After kicking off the year with the surprise release of his eleventh studio LP, Music to Be Murdered By, Eminem is ending this universally shakey year the same way. Released as a deluxe version of the LP, Side B is a 16-track expansion that delivers familiar territory with some pops of Em at his sharpest.
As always, he remains incredibly self-aware — whether verbalizing common and obvious criticisms à la Eight Mile B-Rabbit vs. Papa Doc while flexing a 2020 rap flow on “Book Of Rhymes” or reiterating his Rap God title on the White Gold featured “Zeus.” The latter, aside from an ominous warning to Drake, Future and Migos that fans will one day turn on them, too, includes a rubber bullet shot at Snoop, who publicly snubbed the rapper on his personal greatest rappers of all-time list (“Snoop doggin’ me, man, dogg, you was like a God to me, nah, not really, I had “dog” backwards, but I’m starting to think, all these people takin’ shots at me.”)
But his patented method of repurposing perceived slights into rap-fuel seems a little weathered. As if … we’ve heard the story before?
In the song “Higher,” Em spits, “Every time I think I hit my ceiling, I go higher than I’ve ever fuckin’ been.” While musically that may have been a worthy argument in the past, he more so has reached a high altitude and mashed the cruise control button for the duration of the flight.
None of Marshall Mathers’ career runback is a new exciting territory by any stretch. The theme of murdering women on record (see the dry-running “Black Magic” for example), or the almost ironically titled “Tone Deaf,” which is a whole lot of his thematic shticks of late wrapped up in one track.
That doesn’t mean Side B isn’t without its charm; there are some shiny moments worthy of praise. One such moment being when D.A. Got That Dope and Guaranteed Millions lace “Killer” with a breezy West Coast bop that Em slides across with the poise of a gold-medal-winning figure skater.
A host of nostalgia dripping from “Discombobulated,” the Side B closer that sounds like Relapse era Em over a beat that could pass for a leftover from 50 Cent’s Get Rich Or Die Tryin’ sessions.

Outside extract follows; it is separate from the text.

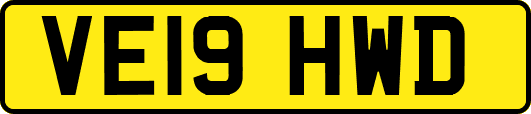 VE19HWD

He even references Fif’s iconic and long-running beef with Ja Rule — tossing a (featherweight) jab in the crooning MC’s direction (“Ja’ll actually spit a bar/That’s not from a Dr. Seuss book).
Then there is “Favorite Bitch” featuring Ty Dolla $ign — a contemporary spin on the concept first made famous by Common on his seminal single “I Used To Love H.E.R..”
Here, we hear the veteran spitter briefly contemplating the thought of letting go of his “bitch” (Hip Hop) while reminiscing on their long and sometimes strained relationship as the culture has evolved, adapted and moved on in some respects.
The album hits peaks with the timely “Gnat,” laden with coronavirus references, an MGK swipe and possibly the most current production on the tracklist and his collaboration with his mentor Dr. Dre, “Guns Blazing.” Seemingly a continuation of MTBMB‘s “In Too Deep,” Em describes in detail the fall out with an unknown woman named Michelle — sending pockets of Reddit sleuths into a frenzy.
While some of his punchlines may border on cringe-worthy dad jokes, and some of his concepts feel less than fresh rehashes of other things already made, he manages to keep hunger intact, even if slightly unfocused as a whole. But, Em has proven himself commercially cancel-proof, regardless of what detractors (journalistic or otherwise) may think of his output in recent years.
“They ain’t never gonna get rid of the fight in the dog,” a defiant Eminem raps on “Gnat,” perhaps best summarizing his current outlook on the game he helped transform so much. Side B is not Eminem at his absolute best, but it’s substantial in the larger context of Hip Hop — and sure to keep Stans satisfied. Unfortunately for those praying on his (musical) downfall, you’ll have to keep holding your breath.